Course Page for Fall 2016 - Fahrenbach, Robert
The course will focus primarily on multistate income and sales/use tax issues. Time permitting other tax regimes such as gross receipts and transfer taxes will also be addressed. Wisconsin statutes and laws will be used as a model for discussion and to draw contrasts/ comparisons with approaches taken by other states. The course will emphasize both operational and transactional issues as well as US Constitutional ramifications of various state tax regimes. There will be special emphasis on current issues of significance and practical issues faced by in-house and external counsel. Lectures will touch on financial reporting concerns and risk mitigation strategies. At the end of the course the student will be in a position to critically analyze statutory and regulatory rules, apply pertinent Constitutional guidance and identify issues of concern to formulate potential resolutions. The student should have completed Tax 1.
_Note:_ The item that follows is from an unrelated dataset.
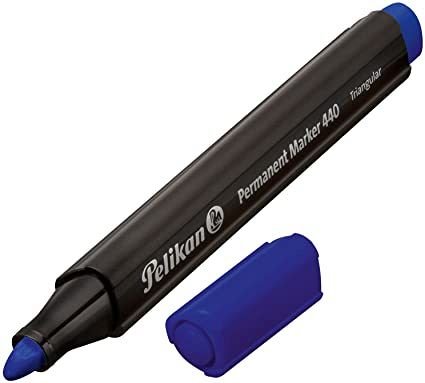 Pelikan marcador permanente punta biselada AZUL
By the end of this course, students should:
• Understand the major state/local taxing regimes and the critical issues.
• Gain an appreciation for the interaction of state taxing rules with US federal and foreign country taxing regimes.
• Develop an awareness of how state taxation can affect business transaction, organization and restructuring.
• Have acquired knowledge of the basic legal doctrines of U.S. constitutional law affecting the authority of state/local jurisdictions to subject individuals and businesses to taxation or to tax collection responsibilities.
• Gain insight on practical issues facing taxpayers and their advisors in dealing with multiple taxing authorities both from a risk assessment and planning perspective with a focus on the challenges of advising clients in an uncertain and constantly shifting tax climate.